Tobias Meinhart – ‘Sonic River’ (2025)

feature photo: Mariana Meraz

Hailing from the Bavaria region of Germany, Tobias Meinhart is an accomplished saxophonist, composer and bandleader but his fresh sounding jazz makes him seem like the up-and-comer he still is. Being successfully established in his native Germany, Meinhart sought take on the larger challenge of making it in NYC. Maybe that’s why his fifth long-player Sonic River is teeming with the hunger of a guy who’s capable of a lot but is somehow without the requisite recognition.

Using water as a metaphor throughout to underscore the contemporary, heady flow of the musical ideas pouring out like a stream, Sonic River isn’t the kind of jazz being made by the genre’s old hands. Rather, it’s what you’d expect by young performers like Meinhart who learned the right lessons from those prior generations and synthesized that with other currents to come up with his own vernacular. He’s incorporated the innovative rhythmic devices of composer Guillermo Klein and looked beyond music altogether to find inspiration from the writings of David Foster Waller, Rainer Maria Rilke and others to enhance the flow in the music he creates.

On this effort, Meinhart put together a backing band of very capable, local New York musicians with Eden Ladin on piano, Matt Penman on bass and Odeb Calvaire behind the drum kit. Charles Altura adds electric guitar for most of these selections.

Meinhart isn’t nominally a saxophonist-composer-bandleader, he invests hard into every part of that hyphenated title. “This Is Water” showcases Meinhart the composer, who puts together a sophisticated piece that’s vibrant, modern and accessible while making no concessions. As a performer, Meinhart’s tenor sax calls to mind the spiritually soulfulness and urgency of Kenny Garrett.

“After The Rain” — not the Coltrane ballad — is delicate, flowing like a stream, keyed by some back-and-forth between Meinhart and Ladin. On soprano sax, Meinhart plays poetically for the pensive “Sonic River,” and “Korean Chant” is spiritual modalism accented by Meinhart’s flute.

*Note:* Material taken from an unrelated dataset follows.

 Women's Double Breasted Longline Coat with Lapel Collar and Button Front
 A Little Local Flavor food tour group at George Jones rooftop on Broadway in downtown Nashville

Meinhart the bandleader demonstrates a flair for deploying the talent at hand that maximizes the impact of his songs. “Pinball” has all the vigor of bebop with the accomplished lissomness of modern jazz and Altura’s soaring guitar brings the two worlds together. Calvaire’s drums is the driving force behind “Dark Horse,” which has inventively ebullient lead parts for both sax and piano.

For “The Panther” Meinhart utilizes the voice of Sara Serpa like another wind instrument alongside his saxophone, backed by a folk-jazz melody, reminiscent of Brian Blade’s Fellowship. A similar method is used with Serpa for “Silencio” but only here, her voice is tightly intertwined with Meinhart’s sax.

“Where did you sleep last night?” is an archaic American folk tune popularized in the 1940s by Lead Belly and later covered by Nirvana. That would make it an unlikely cover choice for a modern jazz ensemble but Meinhart makes it work and some crisps solos from Altura and Ladin didn’t hurt, either. Meinhart is also able to smoothly incorporate classical polyphonic structure into his jazz stylings, as proven by “Fugue Y.”

Tobias Meinhart makes a fully-formed statement about making music that goes further than just putting together harmony and rhythm and carrying it out with capable hands. It’s got to flow and Sonic River does just that.

Sonic River is out now and can be acquired through Bandcamp.